After this core logic is nailed down I'll move toward incorporating a larger set of tasks (e.g. the LM harness by EleutherAI, which requires support for multiple evaluators for one model). Also, qqp is actually a semantic similarity task and should be evaluated as such, we don't yet have the right evaluator implemented, though.

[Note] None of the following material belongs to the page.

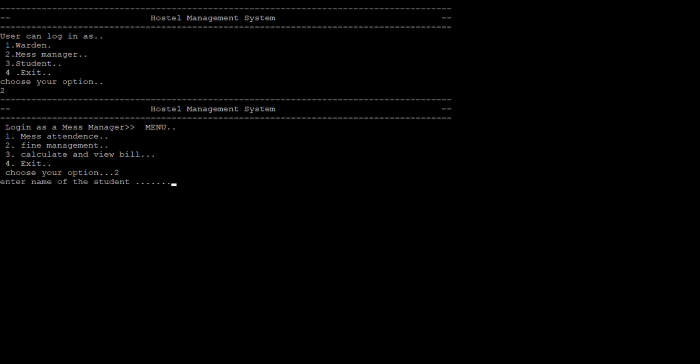And this is the menu of the mess manager. He performs his duties such as mess attendance or calculate bill.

HuggingFaceDocBuilderDev · 2022-09-26T16:47:13Z

The documentation is not available anymore as the PR was closed or merged.

lvwerra

Hi @mathemakitten, this looks really good and clean! I left some comments and maybe @lhoestq also has some opinions

src/evaluate/harness/__init__.py

src/evaluate/loading.py

src/evaluate/harness/__init__.py

mathemakitten · 2022-09-28T16:43:19Z

Thanks @lvwerra, have added all those suggestions! If the API looks good to you now I'll add some tests assuming this format :)

lhoestq

For you information there are evaluation metadata already in the dataset cards that contain the same info as your JSON file. See the train_eval_index content of glue for example: https://huggingface.co/datasets/glue/blob/main/README.md#L29, or even the imdb one that also contain the metrics to use: https://huggingface.co/datasets/imdb/blob/main/README.md#L32

I think it would be nice if we could reuse train_eval_index to not end up with duplicate info scattered in the Hub. What do you think ?

src/evaluate/harness/__init__.py

lvwerra · 2022-10-05T14:17:30Z

@lhoestq maybe we can use the train_eval_index by default if nothing is specified and have the option to overwrite (if a train_eval_index is available) or provide (if no train_eval_index is available). I think in some cases people might want to setup a custom setup?

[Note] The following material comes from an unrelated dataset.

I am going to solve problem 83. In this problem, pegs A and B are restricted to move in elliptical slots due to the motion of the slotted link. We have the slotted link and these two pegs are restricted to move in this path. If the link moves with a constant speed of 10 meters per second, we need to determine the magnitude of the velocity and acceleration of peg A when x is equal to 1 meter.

lhoestq · 2022-10-05T15:28:46Z

I see ! Users could overwrite it with kwargs in load_harness. And to have a full custom setup you can simply copy the dataset repository and modify the train_eval_index directly ?

Co-authored-by: Quentin Lhoest <42851186+lhoestq@users.noreply.github.com>

mathemakitten · 2022-10-17T03:33:04Z

Thanks for the pointer re: train_eval_index! Yes, we can definitely use the existing train_eval_index by default if nothing is specified and overwrite with the JSON config if needed. Will incorporate.

…into hn-harness

lhoestq · 2022-10-17T15:12:58Z

Cool ! Overall I'd be in favor of not introducing new files or metadata if we can use something that exists already - this is less confusing for users

NimaBoscarino · 2022-10-17T23:59:18Z

Could there be a way to pass config_name down to a metric? Right now I think we only have access to metric as a string in the args_for_task, which means that AFAIK we can't pass a config_name or any other arguments for the metric.

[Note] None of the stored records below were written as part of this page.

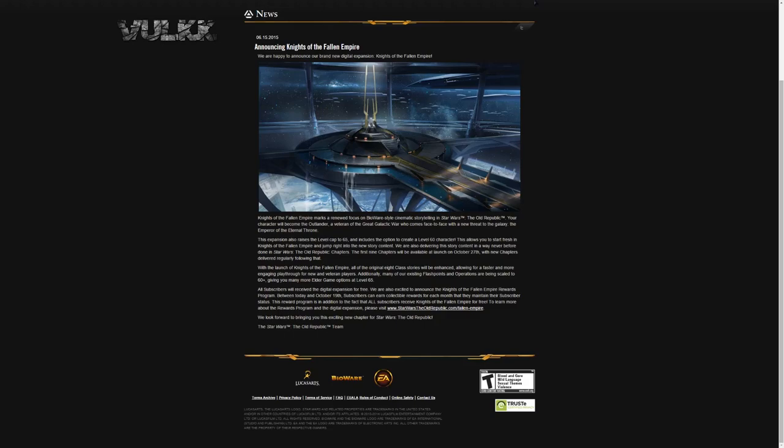This is actually controversial a little bit. We are also delivering the story content in a way never before done in Star Wars The Old Republic. Chapters. The first 9 chapters will be available at launch on October 27th, with new chapters available and delivered regularly following that. I've heard that it is supposed to be 1 chapter every month, but we will see about that.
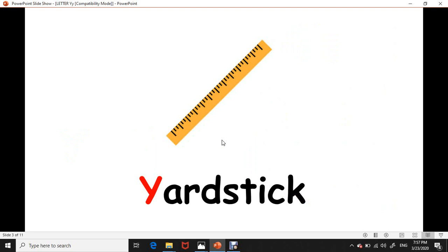Yardstick. Y, Y, yardstick. Repeat with me: yardstick. Again, yardstick.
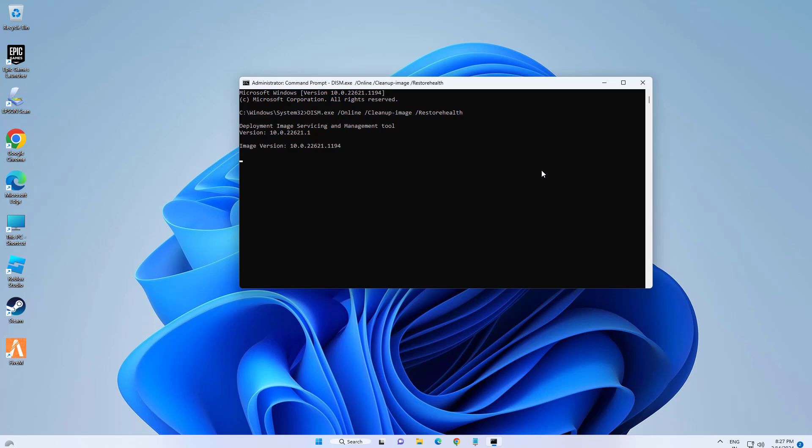After loading completes, type SFC /scannow and press Enter. After scanning completes, restart your computer and your problem should be fixed.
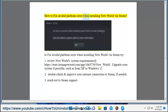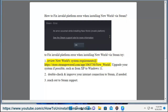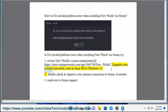How to fix the Invalid Platform Error when installing New World via Steam. Try step 1: Review New World system requirements at https://store.steampowered.com/app/1063730/new_world. Upgrade your system if possible, such as from XP to Windows 11.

mathemakitten · 2022-10-18T16:42:37Z

OK, I had a look at how train_eval_index is formulated and I'm having a bit of trouble reconciling how to get all the features we need out of it. After looking at a few datasets with train_eval_index I am still leaning toward having a separate EvaluationSuite config file, but maybe if the fields aren't specified, then we can pull them from train_eval_index? Either way I don't think we can avoid requiring new metadata in a config somewhere, but let me know what you think? Sorry in advance for the long read! 🤗

The upside of the evaluation suite should be that it allows you to compose arbitrary existing datasets from the Hub together for evaluation.
If I wanted to evaluate on just a subset of GLUE, is there a way that I can extract just those two tasks without writing another config or custom code or cloning the dataset repo? For example, if I wanted to evaluate on x tasks from GLUE as well as y tasks from SuperGLUE, I want to reuse the existing datasets for those instead of creating a whole new dataset, copying over the data and specify a custom train_eval_index. It seems like we would have a lot of data duplication if everyone created new custom datasets (one copy for each combination of tasks we want to evaluate on). The upside of having an evaluation suite have its own config is that we can avoid copying the dataset repo and just reuse existing datasets on the Hub by composing them and using the Evaluator's data loading logic to load the subsets we need.
Since load_evaluation_suite should work with multiple different types of evaluators and it would get really messy quickly to have a big nested data structure full of kwargs for each evaluator passed around in the code, I think we should avoid passing custom kwargs to the load_evaluation_suite function. I tried to mirror the way that metric modules are loaded right now where ideally we'd like for someone to be able to simply upload a config file for the evaluation suite and the code should just load it by name without extra kwargs.
If we want to allow passing down config_name to metrics we would need to specify that somewhere as well; either in the train_eval_index or in a specific evaluation suite config file. Right now the attributes outlined in train_eval_index seem to all be attributes of the dataset itself. However, the evaluator also requires other kwargs which are not present in train_eval_index; e.g. "label_mapping": {"LABEL_0": 0.0, "LABEL_1": 1.0} — this is specific to a dataset-evaluator pair, and not an attribute of the dataset alone, so it wouldn't make sense to add it to the train_eval_index, right? If we don't want to modify the fields allowed in train_eval_index and they should remain dataset-specific, we need to pass around these specific kwargs somewhere (and see above for why I don't think it should be passed in load_evaluation_suite).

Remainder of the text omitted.